I’ve been giving her breathing treatments so many nights I’ve
lost count. For three days, my heart has raced and I’ve had
trouble catching my breath. I don’t understand: I breastfed
my babies. Breastfeeding was supposed to protect my children
from allergies. Allergies, I’m told, trigger asthma.

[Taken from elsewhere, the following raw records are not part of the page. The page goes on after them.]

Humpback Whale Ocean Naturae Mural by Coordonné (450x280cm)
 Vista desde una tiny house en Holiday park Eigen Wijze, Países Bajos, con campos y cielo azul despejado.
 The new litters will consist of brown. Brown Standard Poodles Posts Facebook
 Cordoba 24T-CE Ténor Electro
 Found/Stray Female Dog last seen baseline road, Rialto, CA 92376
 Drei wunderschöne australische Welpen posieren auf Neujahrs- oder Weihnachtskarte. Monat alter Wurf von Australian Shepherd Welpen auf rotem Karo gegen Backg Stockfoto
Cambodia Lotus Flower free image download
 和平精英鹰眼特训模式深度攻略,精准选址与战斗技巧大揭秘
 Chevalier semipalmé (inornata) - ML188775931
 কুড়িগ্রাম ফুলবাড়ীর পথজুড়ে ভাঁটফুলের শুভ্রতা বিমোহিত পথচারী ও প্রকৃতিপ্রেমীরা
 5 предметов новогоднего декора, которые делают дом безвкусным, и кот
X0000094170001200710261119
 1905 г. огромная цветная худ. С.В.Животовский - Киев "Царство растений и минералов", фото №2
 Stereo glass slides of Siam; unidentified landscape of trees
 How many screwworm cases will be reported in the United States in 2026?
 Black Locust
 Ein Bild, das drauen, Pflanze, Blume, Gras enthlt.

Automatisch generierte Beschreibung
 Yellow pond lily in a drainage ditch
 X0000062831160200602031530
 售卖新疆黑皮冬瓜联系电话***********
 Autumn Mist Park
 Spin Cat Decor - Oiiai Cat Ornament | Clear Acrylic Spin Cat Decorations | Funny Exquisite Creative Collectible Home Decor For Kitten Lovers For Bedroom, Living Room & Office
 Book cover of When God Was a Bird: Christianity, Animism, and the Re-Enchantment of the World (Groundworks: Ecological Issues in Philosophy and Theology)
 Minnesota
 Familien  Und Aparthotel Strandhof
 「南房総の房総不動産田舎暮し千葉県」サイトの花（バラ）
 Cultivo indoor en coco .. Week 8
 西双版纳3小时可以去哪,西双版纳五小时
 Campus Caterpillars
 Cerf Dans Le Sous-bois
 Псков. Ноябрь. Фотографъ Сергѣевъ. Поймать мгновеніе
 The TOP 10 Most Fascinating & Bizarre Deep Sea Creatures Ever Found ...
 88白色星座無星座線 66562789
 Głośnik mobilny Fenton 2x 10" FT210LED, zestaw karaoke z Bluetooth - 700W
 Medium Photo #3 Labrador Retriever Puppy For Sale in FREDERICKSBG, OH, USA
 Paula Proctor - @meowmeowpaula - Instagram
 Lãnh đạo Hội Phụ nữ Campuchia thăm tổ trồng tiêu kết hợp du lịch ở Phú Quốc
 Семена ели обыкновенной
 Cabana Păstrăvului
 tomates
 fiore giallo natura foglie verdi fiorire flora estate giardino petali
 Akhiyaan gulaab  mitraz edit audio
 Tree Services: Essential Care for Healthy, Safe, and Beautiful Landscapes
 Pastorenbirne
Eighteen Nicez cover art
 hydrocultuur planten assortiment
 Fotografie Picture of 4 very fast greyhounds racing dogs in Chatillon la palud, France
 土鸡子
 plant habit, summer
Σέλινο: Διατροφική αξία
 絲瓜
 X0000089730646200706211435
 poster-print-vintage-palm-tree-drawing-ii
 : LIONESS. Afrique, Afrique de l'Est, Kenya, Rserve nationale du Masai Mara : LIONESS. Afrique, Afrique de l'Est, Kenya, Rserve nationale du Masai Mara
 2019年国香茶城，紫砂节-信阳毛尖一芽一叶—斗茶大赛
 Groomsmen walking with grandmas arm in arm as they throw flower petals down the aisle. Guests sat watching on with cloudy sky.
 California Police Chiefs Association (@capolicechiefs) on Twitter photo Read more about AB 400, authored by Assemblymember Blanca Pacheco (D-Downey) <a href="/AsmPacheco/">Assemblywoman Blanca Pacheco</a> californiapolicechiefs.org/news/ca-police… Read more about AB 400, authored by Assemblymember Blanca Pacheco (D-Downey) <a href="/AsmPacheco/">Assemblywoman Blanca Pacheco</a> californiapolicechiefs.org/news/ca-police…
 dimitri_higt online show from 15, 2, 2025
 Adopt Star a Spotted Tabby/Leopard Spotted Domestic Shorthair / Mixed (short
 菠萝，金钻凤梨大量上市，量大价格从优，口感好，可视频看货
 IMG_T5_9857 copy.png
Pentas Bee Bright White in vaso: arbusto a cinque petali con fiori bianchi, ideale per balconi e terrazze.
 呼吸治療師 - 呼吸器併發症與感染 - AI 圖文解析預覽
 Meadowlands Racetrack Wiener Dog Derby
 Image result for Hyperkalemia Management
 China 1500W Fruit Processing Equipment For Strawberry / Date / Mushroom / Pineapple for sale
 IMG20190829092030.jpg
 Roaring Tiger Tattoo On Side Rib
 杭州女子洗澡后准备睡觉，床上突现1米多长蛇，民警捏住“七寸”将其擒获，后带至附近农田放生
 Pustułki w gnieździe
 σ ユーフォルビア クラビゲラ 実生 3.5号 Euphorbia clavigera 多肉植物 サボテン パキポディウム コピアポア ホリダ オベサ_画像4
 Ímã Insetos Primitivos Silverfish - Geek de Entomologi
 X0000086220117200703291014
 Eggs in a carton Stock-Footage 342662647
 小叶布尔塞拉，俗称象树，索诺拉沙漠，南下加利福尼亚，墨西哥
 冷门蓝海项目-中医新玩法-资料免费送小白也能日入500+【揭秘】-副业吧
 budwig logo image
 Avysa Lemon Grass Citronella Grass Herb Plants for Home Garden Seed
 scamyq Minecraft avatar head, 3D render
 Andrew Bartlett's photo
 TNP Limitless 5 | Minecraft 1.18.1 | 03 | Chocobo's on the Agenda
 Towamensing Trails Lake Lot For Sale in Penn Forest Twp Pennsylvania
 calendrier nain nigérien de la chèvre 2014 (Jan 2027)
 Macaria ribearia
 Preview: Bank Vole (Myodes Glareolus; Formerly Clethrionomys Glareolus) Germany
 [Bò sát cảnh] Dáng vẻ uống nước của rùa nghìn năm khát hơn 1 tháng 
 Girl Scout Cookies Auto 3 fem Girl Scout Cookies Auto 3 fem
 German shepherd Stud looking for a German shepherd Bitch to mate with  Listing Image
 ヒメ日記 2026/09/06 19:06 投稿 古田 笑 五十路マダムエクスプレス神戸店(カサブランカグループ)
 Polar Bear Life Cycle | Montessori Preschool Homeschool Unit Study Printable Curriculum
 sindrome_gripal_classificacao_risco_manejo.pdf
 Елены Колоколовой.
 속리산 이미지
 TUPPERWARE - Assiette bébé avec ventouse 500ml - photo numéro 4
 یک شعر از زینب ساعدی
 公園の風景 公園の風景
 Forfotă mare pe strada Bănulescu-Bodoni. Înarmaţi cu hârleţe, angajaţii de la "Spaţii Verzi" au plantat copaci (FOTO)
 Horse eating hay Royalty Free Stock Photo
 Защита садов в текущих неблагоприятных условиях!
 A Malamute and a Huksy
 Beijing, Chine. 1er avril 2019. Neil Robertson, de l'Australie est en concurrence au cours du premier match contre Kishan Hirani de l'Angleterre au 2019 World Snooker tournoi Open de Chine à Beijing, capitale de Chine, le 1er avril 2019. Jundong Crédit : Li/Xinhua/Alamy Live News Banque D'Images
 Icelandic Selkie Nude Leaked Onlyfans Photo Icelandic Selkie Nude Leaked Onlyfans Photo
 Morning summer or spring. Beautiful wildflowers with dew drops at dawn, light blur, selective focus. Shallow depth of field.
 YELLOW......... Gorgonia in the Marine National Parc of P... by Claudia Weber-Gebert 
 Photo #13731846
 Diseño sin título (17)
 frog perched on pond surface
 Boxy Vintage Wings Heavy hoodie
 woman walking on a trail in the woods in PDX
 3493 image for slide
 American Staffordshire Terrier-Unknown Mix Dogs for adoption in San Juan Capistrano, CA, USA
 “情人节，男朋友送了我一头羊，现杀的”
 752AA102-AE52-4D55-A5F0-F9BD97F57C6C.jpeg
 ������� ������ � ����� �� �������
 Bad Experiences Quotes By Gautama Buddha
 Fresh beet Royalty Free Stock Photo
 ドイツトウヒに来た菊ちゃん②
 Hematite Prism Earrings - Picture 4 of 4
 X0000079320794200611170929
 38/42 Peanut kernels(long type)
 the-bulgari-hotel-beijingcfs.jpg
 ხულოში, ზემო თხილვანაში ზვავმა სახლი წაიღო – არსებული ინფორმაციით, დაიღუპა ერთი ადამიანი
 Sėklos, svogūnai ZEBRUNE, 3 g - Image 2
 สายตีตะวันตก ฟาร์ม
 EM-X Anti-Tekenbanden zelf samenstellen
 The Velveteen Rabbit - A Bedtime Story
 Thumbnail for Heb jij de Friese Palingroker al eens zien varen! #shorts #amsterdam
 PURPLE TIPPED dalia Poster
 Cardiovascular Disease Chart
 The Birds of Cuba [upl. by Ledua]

“Asthma,” I read, “is a chronic (long-lasting) inflammatory
disease of the airways in the human body. The inflammation
causes the airways to narrow from time to time. This
narrowing can produce wheezing and breathlessness. In extreme
cases, the asthma patient may need to gasp to get enough air
to breathe. Occasionally, a severe attack can be fatal (www.faqs.org).’’
Asthma affects the bronchi and bronchioles in the lungs. “The
bronchi and bronchioles are tiny tubes through which air
passes in and out of the body. In people with asthma, certain
materials, such as dust and pollen, can irritate these tubes”
(www.faqs.org).
I once heard asthma described as trying to suck air through a
soda straw.
Dr. Lester has instructed me in charting Sarah’s peak flows.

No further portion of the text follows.